Tyra Patterson speaks out about her complicated case at Wright State
FAIRBORN, Ohio (WKEF/WRGT) - Tyra Patterson spent 23 years in prison for a murder she says she didn't commit.
She was paroled on Christmas day 2017, and Fox 45 has been following her case and her fight back against the justice system.
Patterson was 19 when she was convicted for the 1994 murder of Michelle Lai in Dayton.
She has always maintained her innocence, and in recent years, the victim's sister, former jurors, and even other suspects convicted in the crime have come forward to say Trya wasn't involved.
Tuesday night, she shared her captivating story and answered questions about her case for the first time from the public, at Wright State University.
"Learning different thing, I'm like a newborn baby," Patterson told FOX 45's Kelly May.
Patterson was a 6th grade dropout when she went into prison, but she spent her time in lockup bettering herself by earning a GED, an engineering degree, and becoming a certified paralegal.
"Getting to know people... feeling equal," Patterson said, "It's been hard to deal with knowing I still am under the umbrella of the justice system."

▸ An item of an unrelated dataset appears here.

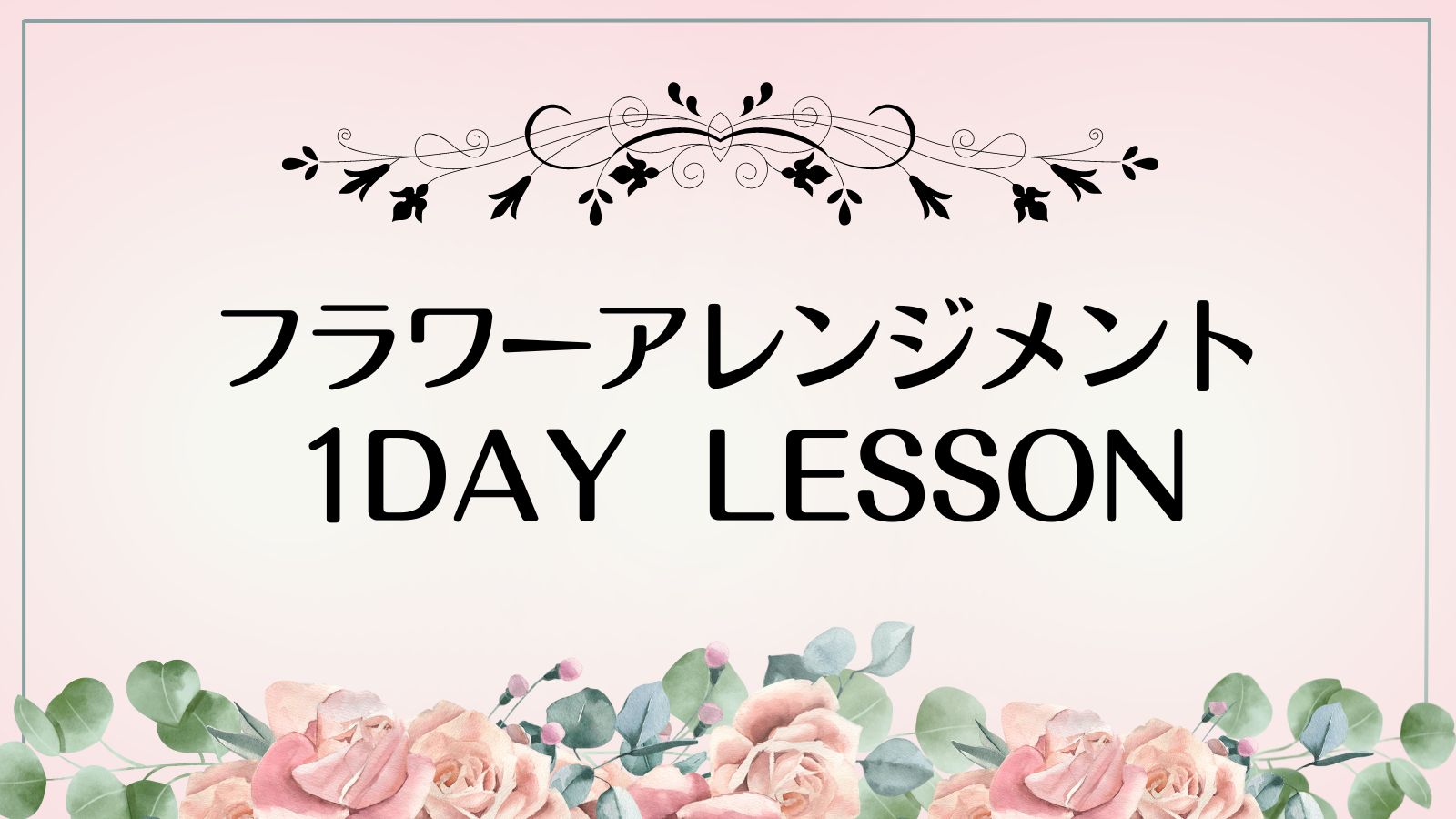 プリザーブドフラワー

The conversation at Wright State was organized by the Applied Behavioral Sciences Master’s Program (ABS) and Bolinga Black Cultural Resources Center in conjunction with Sociology and Anthropology, Crime and Justice Studies, African and African American Studies, Women and Gender Studies and the Women’s Center.
Tyra is now devoting her time to helping other inmates; she has an idea to create a state program of mentors to help other inmates returning to normal life.
"To help our returning citizens and also help stop the recidivism rate and crimes in our community," Tyra said.
Tyra also talked about her own struggles returning to normal life.
"Me as a returning citizen I went into fifth third bank to open up an account," she explained. "They refused me because I didn't have two identification cards. It was really upsetting."
But Patterson, now working with the Ohio Justice and Policy Center who pushed for her parole and is pushing for her clemency, used the experience as her first push for reform.
"Within 48 hours that policy was changed and they reached out to me for an apology," she said.
Patterson and her attorney David Singleton took questions from students, staff, and community members.
She said her overall message, "Just don't give up hope and if you surround yourself with people who will challenge you one day that's going to help."
Patterson's team is still pushing Governor Kasich for clemency.